Majestic Inequality

October 12, 2012
Posted by Jay Livingston
Cross posted at Sociological Images

In 1894, Anatole France said,
The law, in its majestic equality, forbids the rich and the poor alike to sleep under bridges, to beg in the streets, and to steal bread.
Back in June, Mitt Romney said
I want to make sure that we keep America a place of opportunity, where everyone . . . get[s] as much education as they can afford
After all, Mitt got as much education as he (his parents, really) could afford, so he thought it best if everyone had that same majestic equality of opportunity. 

Opportunity – how much is that in American money? 

Yesterday, Planet Money posted this graph showing the costs and benefits of a college education in several countries. 

The title of the post summarizes the interpretation of the college-educated folks at Planet Money.
College Costs More In America, But The Payoff Is Bigger
But what if you look at the data from the other side? Here’s the glass-is-half-empty title
    College in the US Costs a Lot, and If You Can’t Afford It, You’re Really Screwed
or words to that effect.

What the chart shows is inequality – specifically, the inequality between the college educated and everyone else. In advanced economies, like the those of the countries in the chart, education is important. But some of those countries, like the Scandinavian countries, have reduced the income sacrificed by non-college people relative to the college educated. Other countries, those toward the right side of the graph, favor a more unequal distribution of income. 

I looked at the Gini coefficient for the ten countries in the Planet Money chart. The correlation between the Gini and the economic benefit of college for men was 0.83, which seemed a bit extreme.  So I added another ten OECD countries.
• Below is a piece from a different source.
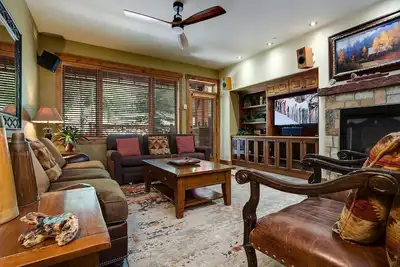 Image de El5108 | Gorgeous Condo | Private Hot Tub | 4 Pools | 10 Hot Tubs| Air Chilling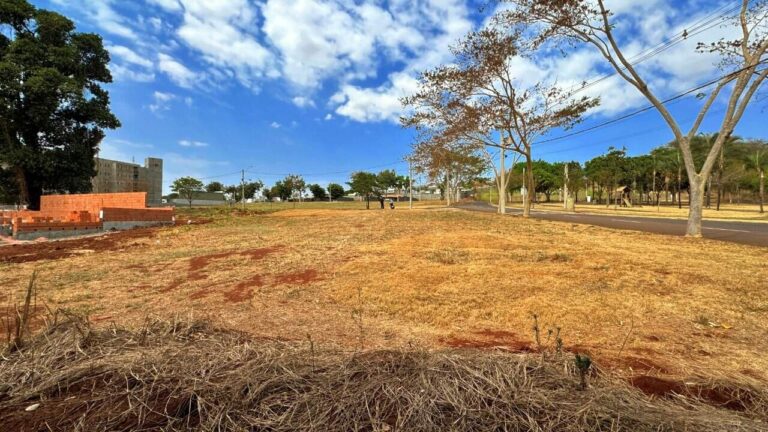 Terreno Comercial para aluguel no Loteamento Santa Marta:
The correlation is 0.44.  Either way, the US is the clear outlier.  In the land of opportunity, if you’re a male, either you pay the considerable price of going to college, or you pay the price for not going to college. 

With this inequality come the kinds of social consequences that Charles Murray elaborates in his latest book about non-educated Whites – disability, divorce, demoralization, death. 


brandsinger said...

Compared to the rest of the world, the US still has an admirably high percentage of people in college and college grads. (I googled the issue and got a CNN article from last year that said "Americans age 55-to-64 still lead their peers in other nations in the portion with college degrees (41 percent)." That sounds rather egalitarian, yes?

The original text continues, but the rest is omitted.